Les produits laitiers dans Inglourious basterds
Après mûre réflexion, je pense avoir compris pourquoi la scène la plus forte du film, à mon goût, est une des deux scènes de pénétration. Ce n'est pas celle où Aldo Raine enfonce son index dans le trou de balle de Bridget von Hammersmark, mais plutôt celle où le colonel Landa enfonce sa cigarette allemande allumée dans la crème Chantilly ornant son Strüedel. La symbolique que contient ce geste d'apparence anodine est très puissante.
Habitant très près de la frontière qui nous sépare de la Germanie, il m'arrive d'y faire des incursions fréquentes, et j'ai pu remarquer que l'Allemand, bien que se sentant volontiers supérieur au petit Français, notamment en matière de construction automobile, garde au fond de lui un gros complexe d'infériorité culinaire. Au risque de m'avancer un peu et de commettre une bourde historique, j'affirme que c'est très probablement depuis la Seconde Guerre Mondiale que l'Allemand vénère la crème fraîche française. Dans tout débit de boisson en Allemagne, lorsqu'on commande un café, on reçoit d'office un petit pot contenant de la crème fraîche liquide, qu'il est de bon ton de verser dans le café. Les emballages de crème fraîche, en Allemagne, portent la mention "crème fraîche" écrite telle quelle, en français !
Nombreux sont les fromages français disponibles dans les rayons des grandes surfaces allemandes, et il est courant de voir des Allemands passer la frontière rien que pour venir acheter de nos bons fromages français. Le cinéma, bien souvent, a souligné cette fascination des Allemands pour la gastronomie française et tout particulièrement pour les produits laitiers :
la Vache et le prisonnier (1959), la Cuisine au beurre (1963), le Grand restaurant (1966).
Mais si la crème de lait représente la France, elle est aussi la femme nourricière, et c'est pourquoi
(début spoiler l'assassinat de Bridget par Landa n'est pas surprenant fin spoiler) en écrasant sa cigarette dans la crème Chantilly le colonel Landa commet un acte dont la violence mysoginique est extrème. C'est en quelque sorte un acte matricide. Le désir fou du viril aigle teuton, boire au téton nourricier de Marianne, qui se heurte à une résistance farouche, c'est un peu comme si R
omus se voyait abandonné par la louve au profit de Romulus. L'Allemand est le parent pauvre de l'Europe, il n'a pas reçu l'héritage, comme le petit Français par ses aïeux Gallo-Romains, de la culture latine qu'il adore ; en témoignent les nombreuses références à Rome que firent les nazis : le faisceau du fascisme, les grandes architectures à colonnes, le salut du bras, le quadrige de Berlin, et même avant le nazisme le titre d'Empereur dont s'était emparé le dirigeant allemand.

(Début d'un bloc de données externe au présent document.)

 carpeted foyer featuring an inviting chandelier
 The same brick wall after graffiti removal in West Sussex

Déjà Louis XIV avait remarqué cela, lorsqu'il s'adresse à son fils dans ses
Mémoires :
Citer:
... pour en revenir aux empereurs d'aujourd'hui, il vous est aisé, mon fils, de comprendre par tout ce discours, qu'ils ne sont nullement ce qu'étaient les anciens empereurs romains, ni ce qu'étaient nos aïeux. Car à leur faire justice, on doit les regarder seulement comme les chefs et les capitaines-généraux d'une République d'Allemagne, assez nouvelle en comparaison de plusieurs autres Etats, et qui n'est ni si grande ni si puissante qu'elle doive prétendre aucune supériorité sur les nations voisines.

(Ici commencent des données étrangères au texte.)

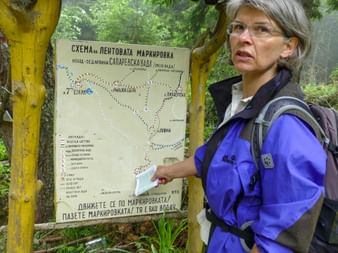 Hiker in front of the map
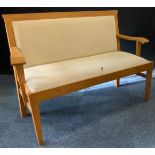 A 20th century light oak settle, upholstered seat and back, 128cm wide x 52cm depth x 87cm tall. (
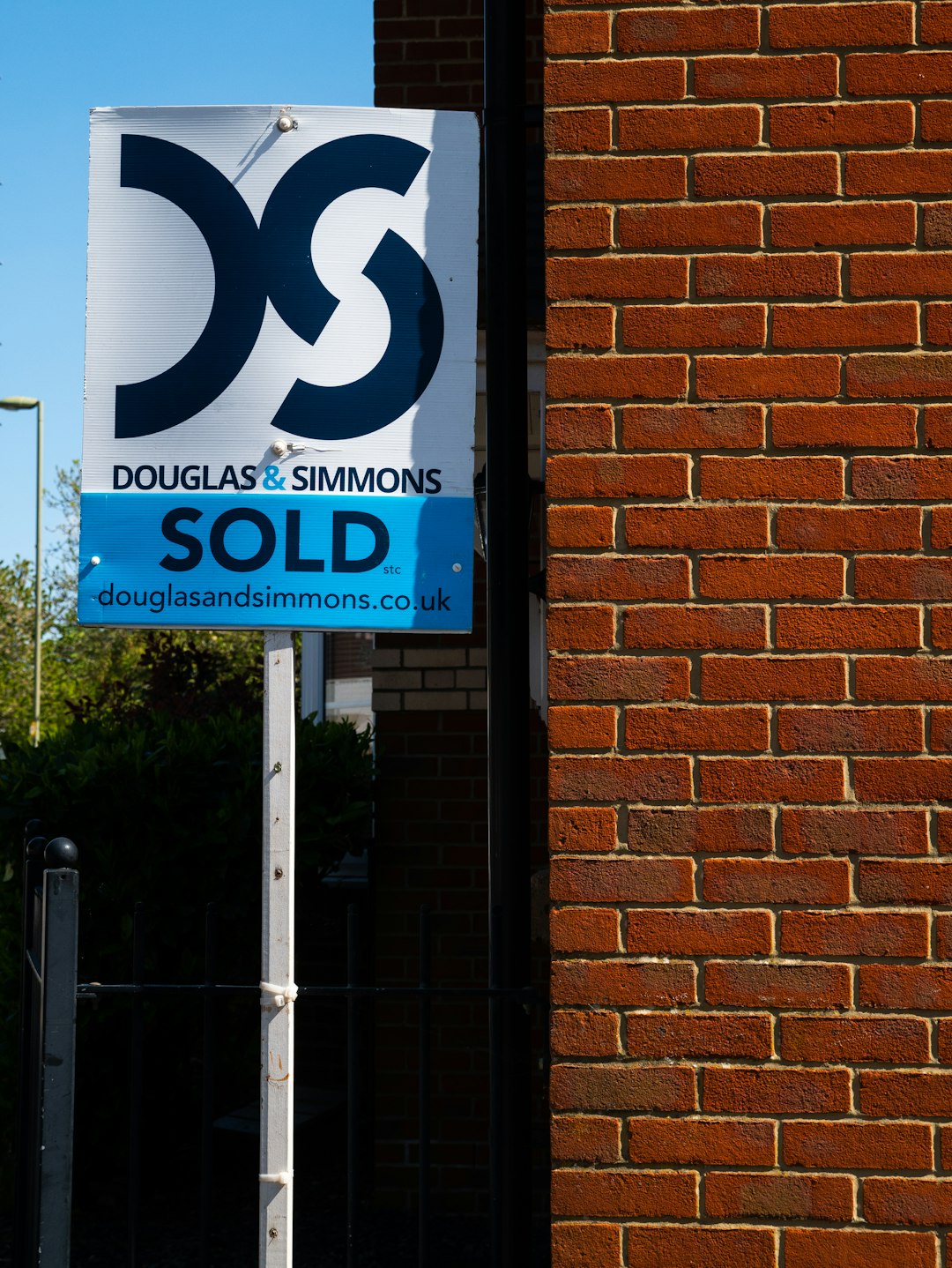 Buyer on the phone to an estate agent outside a terraced house with a for-sale board, asking for the property to be taken off the market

Enfin, pour clore cet exposé pseudo-magistral certainement truffé d'erreurs grossières, une dernière petite référence trouvée dans
Inglourious basterds : Shosanna éconduit le sniper allemand épris d'elle en tentant de l'orienter vers les femmes de Vichy. Or, il existe un potage nommé "vichyssoise", qui est très riche en crème fraîche.